(9) Review of the CIFtools workshop

To: [email protected]
Subject: (9) Review of the CIFtools workshop
From: [email protected] (Brian McMahon)
Date: Tue, 2 Nov 93 17:05:23 GMT
Dear Colleagues

Attached are my impressions of last month's workshop. This isn't intended
as a complete report of the meeting - I've made no reference to several
interesting talks that weren't directly relevant to our concerns. I believe
Phil Bourne will make the proceedings available over the network, and I'll
supply details of how to obtain them when they're distributed.

I'm also circulating copies of this to Nick Spadaccini and Phil Bourne, who
are invited to correct any errors of fact and debate any matters of
interpretation (mail me at [email protected], guys). 

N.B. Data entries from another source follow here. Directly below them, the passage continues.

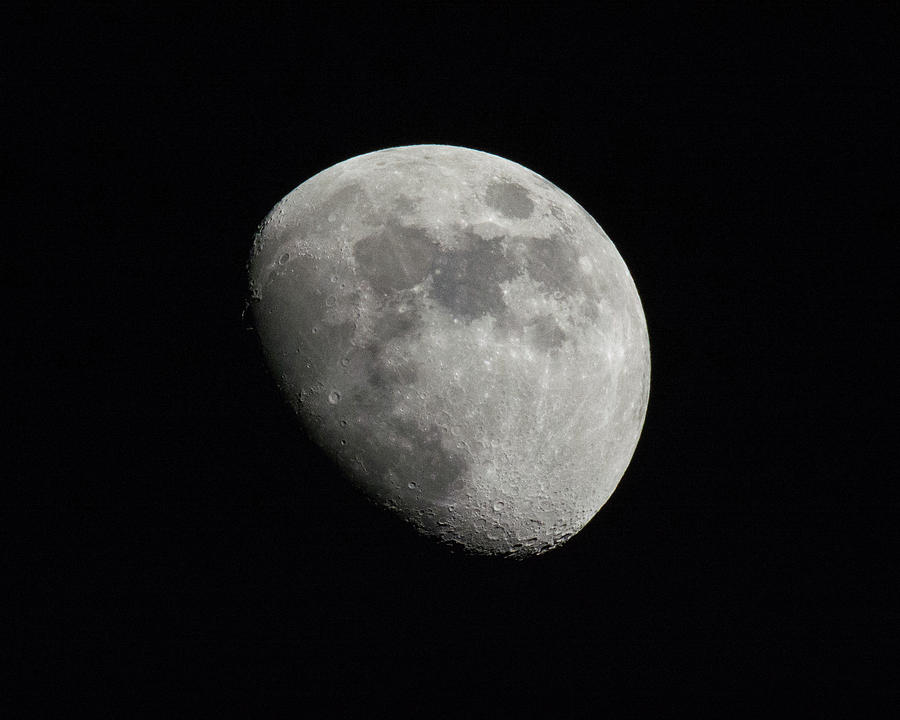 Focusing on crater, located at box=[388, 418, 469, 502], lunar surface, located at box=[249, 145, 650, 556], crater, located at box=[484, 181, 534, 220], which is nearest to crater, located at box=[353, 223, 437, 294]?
lunar surface, located at box=[249, 145, 650, 556]

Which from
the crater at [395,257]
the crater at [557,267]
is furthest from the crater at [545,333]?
the crater at [395,257]

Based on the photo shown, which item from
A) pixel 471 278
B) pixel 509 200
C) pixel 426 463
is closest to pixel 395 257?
pixel 471 278

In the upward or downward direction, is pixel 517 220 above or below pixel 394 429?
above

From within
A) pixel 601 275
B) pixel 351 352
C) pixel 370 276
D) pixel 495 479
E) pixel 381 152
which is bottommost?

            CIFtools Workshop Tarrytown NY 15-18 October 1993
            -------------------------------------------------

This workshop was funded by the National Science Foundation to promote the
development of tools for handling macromolecular data in CIF format. It was a
sequel to a workshop in York in April 1993, on the theme of data validation
in macromolecular crystallography. Several participants at both meetings
characterised the York workshop as an event of some significance in the
acceptance and development of the CIF format for data archive and transfer in
this field. It was felt that many participants had come to York with no
particular enthusiasm for CIF. However, the (often animated) discussions at
York had persuaded many of the participants whose particular interests lay in
the sphere of database operations that CIF could be used as a valuable data
transfer mechanism if it were enhanced to indicate explicit relationships
between data items. The recent Workshop was characterised by broad acceptance
of the CIF modifications brought about since York, and an eagerness to
promote applications using the extended CIF format.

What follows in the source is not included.